In der letzten Zeit sind u.a. diese frei verfügbaren Titel erschienen:
Late-Victorian Girls and their Manuscript Magazines: Girlhood and Textual Transformation in Britain, 1860-1900
Lois Burke
https://doi.org/10.1007/978-3-031-86524-4
This open access book presents fresh archival evidence to explore the underexamined manuscript cultures of girls living in Britain in the late nineteenth century. Girls were keen writers during this period, which witnessed Golden Ages of children’s literature and journalism, as well as major developments in proto feminism. Girl writers were particularly prolific in the writing of manuscript magazines. These were handmade magazines in which the contributors were also the readers and subscribers. This book presents three case study chapters exploring manuscript magazines which were created and exchanged amongst girl-led writing groups and within families, and references many other examples of manuscript magazine cultures from the late-Victorian period. It argues that strategies of transformative writing—namely appropriating literary texts—often characterized girls‘ contributions to manuscript magazines.
Literary Heritage: Lessons from the Coronavirus Pandemic

David Rudrum & Helen Williams
https://doi.org/10.4324/9781003593157
Literary Heritage examines the literary heritage sector in the post-pandemic moment.
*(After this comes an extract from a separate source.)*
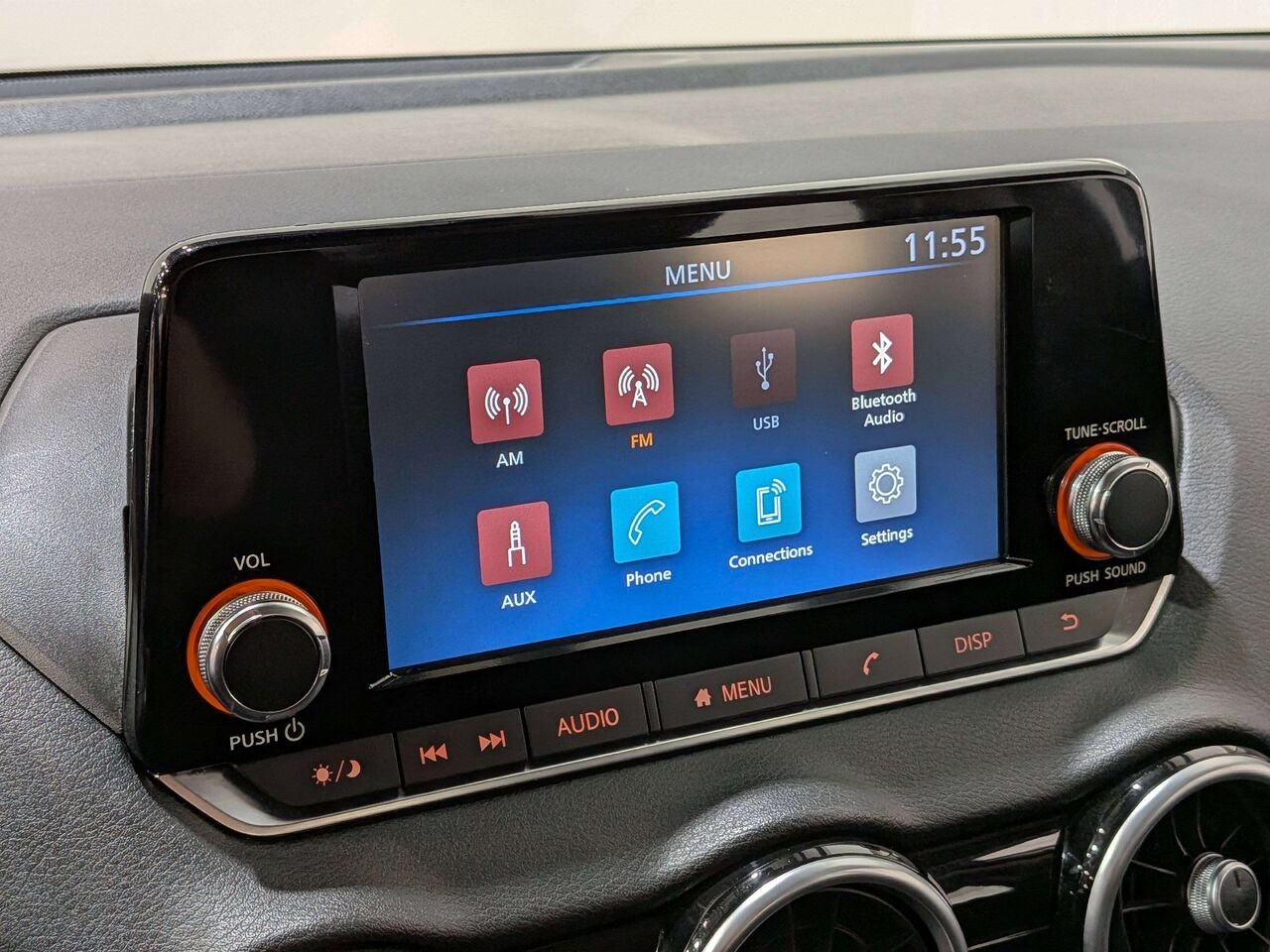 2024 Nissan Sentra S Plus CVT White Val-David - photo #18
The book argues that this is a unique time for literary heritage management and demonstrates that the key to understanding it is an analysis of the transformations that took place because of the Covid-19 pandemic.
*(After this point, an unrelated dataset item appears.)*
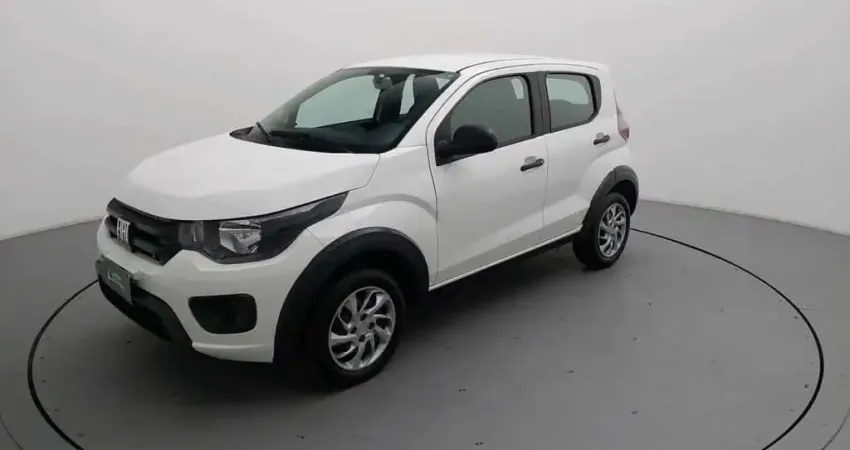 Fiat Mobi 2023 1.0 evo flex like. manual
Through an analysis of literary heritage sites across the UK’s four nations, this study provides an overview of practice from sites managed by national organisations as well as independent museums. Presenting a quantitative and qualitative overview of the challenges faced by the sector in the wake of the pandemic, Rudrum and Williams explore the innovations literary heritage organisations initiated in response. The book displays the wealth of ingenuity that was on display during this trying moment for the sector. It also looks forward to the new normal in the industry: a move towards the outdoors, increased use of online engagement, and creative arts and community programming that brings the literary past to the political present. Featuring interviews with 16 heritage practitioners, the book shares examples of best practice in the hope that lessons will be learned from the enforced closures prompted by the pandemic.
Literary Heritage will be of great interest to academics and students working in Heritage Studies, Museum Studies, and English Literature. It will also appeal to a broad readership of cultural heritage professionals.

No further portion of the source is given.